In a city that worships wealth, it’s not easy to be on the bottom of the income ladder, or even close to the bottom. Home-health aides, retail workers, security guards, day-care providers, dishwashers, cashiers, couriers, nannies, stock clerks—these are among the poorest-paid professions in the city. The story of the city’s changing economy is well known: In recent decades, the number of manufacturing jobs has shrunk, and the service industry has expanded, so while it’s possible to find a job without a college degree, it’s hard to find one that pays a livable wage.
These days, 20 percent of the city—one of every five New Yorkers—lives below the poverty line. Robert makes about $20,000 a year, which puts him above this threshold. (For a single adult living alone, the poverty line is $10,160; for an adult with two kids, it’s $15,735.) But even a family that manages to stay just above the poverty line is undeniably poor, especially in New York City, where this yardstick for poverty is laughably low.

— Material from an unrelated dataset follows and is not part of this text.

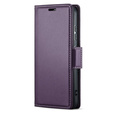 Etui do Motorola Edge 60 / 60 Fusion, ERBORD Glossy Litchi, portfel z klapką, fioletowe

The federal poverty line does not take into account an area’s cost of living; it’s set at the same level for rural Oklahoma as it is for Manhattan.
As Robert makes his rounds at work, he’s surrounded by people who earn more than he does. It’s not just the politicians and government workers filing in and out of the Municipal Building or the lawyers heading into State Supreme Court, it’s other officers, too—those in the NYPD, of course, as well as the guys in the tan uniforms outside the Immigration office. They’re security guards, but since they work for a federal agency, they have to be paid at least $13.99 an hour. Even the janitors who clean the Municipal Building make $13.51 an hour—35 percent more than Robert earns.
Statistics don’t begin to convey what it feels like to hover near the bottom of the city’s economic ladder. It’s about feeling invisible, forgotten, and utterly replaceable. It’s about walking past restaurants you can never afford to go to, passing by stores with clothes you’ll never be able to buy, and, in Robert’s case, riding the 6 train home, passing beneath one of the wealthiest neighborhoods in the nation, perhaps seated in the same car with a woman whose wedding ring cost more than his annual salary.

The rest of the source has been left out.